While retrieving jump straight to location of offset and retrieve the complete line and display it to user. This will work well if index is built prior to query but if user doesn’t opt to build the index or record was added after the index is build (addition of records with new key), in those cases we need to fallback to eager loading or rescan the file for the record.
1
  • For a particular key requested, check in Index for the value
  • If value found, retrieve the value from each file for the particular key and return to user
  • If value not found, run Rescanning logic for the particular key

Rescanning logic

Rescanning logic will be used in eager loading when index doesnot contain the key. It will invoke the same logic which was used in Scanning but with a limit of records. There may be a file where key is primary key which means we can have only one record per key or a limitation that for 1 key we can have maximum 10 records. So for a key to record mapping constraint, it better to look for only the maximum number of records in file rather than scanning whole file. So my logic goes like this.
1.       
  • Define FileMaxRecordPerKey value(max number of records a file can have for particular key), if undefined assume to be Int.Max
  • Scan the file for key and for every record found increment the counter by 1
  • If the CounterValue is equal to the FileMaxRecordPerKey, stop further scan
  • Add the key and Value to the index and return to user

Nutshell

  • Tool maintains the index for every record stored in all flat files in hashtable .This index is in-memory and will be recreated on start of tool
  • Tool provides the functionality to prebuild the index or ignore the index building and fallback to  on demand parsing
  • For Fallback scenarios where on demand parsing is used, it will creates the index for requested record.

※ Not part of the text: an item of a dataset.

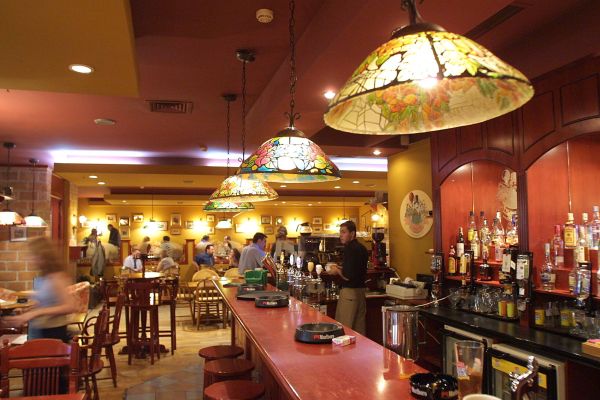 – Bulă, iar te duci la cârciumă?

Which allows any subsequent query for the id to be less expensive
  • For Fallback cases the files will be scanned completely but in cases when record number is limited, further scanning is not required once we have found the maximum number of record. This is implemented as FileMaxRecordPerKey property
  • For any record not found in prebuilt index, it will try to locate using on-demand parsing
  • Dynamic addition of record in any of flat file is not supported in above logic and there is no implementation of dirty index
For a working source control checkout Git repo -  https://bitbucket.org/anupkumarsharma/flatfileparser/src






Tuesday, June 17, 2014

Extract Property Value from Object/Object Graph

The below code should be able to parse the object for respective property value and return back the value/null as response.Below type of string literals can be parsed with the below logic



            string s = "P[0].A";
            string g = "T[0].U.D";
            string t = "S[0].P[7].D";
            string NegativeValue = "P[0].WRONGVALUE";




public static Object GetPropertyValue(String name, object obj, Type type)
        {

            var isArray = false;

            var parts = name.Split('.').ToList();
            var currentPart = parts[0];
            var backup = parts[0]; ;

            int index = 0;
            if (currentPart.Contains(ArrayIdentifier))
            {
                // replace with some swift logic here -
                index = Int32.Parse(currentPart.Substring(currentPart.IndexOf('[')).Replace('[', ' ').Replace(']', ' ').Trim());
                currentPart = currentPart.Substring(0, currentPart.IndexOf('['));

            }

            PropertyInfo info = type.GetProperty(currentPart);

            if (info == null) { return null; }

            if (info.PropertyType.GetInterface("IEnumerable") != null)
            {
                int itemNb = 0;
                foreach (object item in (IEnumerable)info.GetValue(obj, null))
                {
                    if (itemNb == index)
                    {
                        parts.Remove(backup);
                        return GetPropertyValue(String.Join(".", parts), item, item.GetType());

                    }

                    //displayObject(item, displaySubObject, item.GetType);
                    itemNb++;
                }
                // index is not in range of the values provided
                throw new ArgumentOutOfRangeException();
            }

            if (name.IndexOf(".") > -1)
            {
                parts.Remove(backup);
                //if(!isArray)
                return GetPropertyValue(String.Join(".", parts), info.GetValue(obj, null), info.PropertyType);
                //else
                //    return GetPropValue(String.Join(".", parts), info.GetValue(obj, null), info.PropertyType,index);
            }
            else
            {
                if ((info.PropertyType.IsValueType || info.PropertyType.Equals(typeof(string))))
                {
                    return info.GetValue(obj, null).ToString();
                }

                else
                {
                    //return info.GetValue(obj, null).ToString();
                    return (null);
                }

            }
        }